As the vice president of the Jewish Business Students Association, my email is listed as a student leader and is public information. I receive a variety of emails through this, ranging from weekly student organization updates to emails from outside companies looking for interns or campus representatives. I took the risk and applied and got one of these internships.
Having an on-campus representative is a great public relations tool for companies whose products appeal to and are used by college students. These job offers that I have received to pass on to my organization typically are looking for an intern or on-campus representative. I think it is great that companies are marketing straight to college students to offer jobs and get them interested. But what's the catch?

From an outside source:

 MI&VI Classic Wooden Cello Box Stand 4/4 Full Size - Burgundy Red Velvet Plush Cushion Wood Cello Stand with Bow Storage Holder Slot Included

Being an intern or on-campus representative can go a variety of ways. One way is you may be a real part of the company, make money, and get valuable experience. The other is being the company's paid (or often times unpaid) slave labor, doing all the annoying, unnecessary work that the real employees do not want to do.
I have experienced this myself. I was a Greek intern for an online food guide website for Ohio State students, which I was told meant my specialty was to market the website to the Greek community, and get the website incorporated into Greek culture. I was thrilled!
But then, I was asked to draw website logos all over campus in chalk, go door-to-door up and down numerous off-campus streets to place door hangers on all houses and apartments, stand on the Oval and pass out fliers during the involvement fair (instead of representing the club which I am vice president of), and spam my Twitter followers and Facebook friends with deals and offers. And to do all of this without getting paid.
This was all right before and during the first week of classes. There was no mention of appealing to the Greek community, and when asked, my supervisor weakly attempted to dodge around the question--telling me in his avoidance that I was not a "Greek intern," I was simply an unpaid slave.
I took that as the sign that this job was not for me, so I quit. I was the first from the intern group to quit, and as of today, all of the interns from the original group have quit.
Public relations on college campuses centers around having students engage other students, and utilizing their connections. However, while utilizing this popular public relations tactic, companies need to ensure they are considering the needs of their student employees, and to not falsely advertise to them.
I am much happier now in my paid internship, being the Strategic Issues Management Intern for OSU Media Relations. I work 10 hours a week, my boss and everyone who I interact with treat me like an equal, and I am gaining actual experience that I can use in the future.
Internships can be great, like the one I have now, or they can make you lose all respect for a company, like my previous one.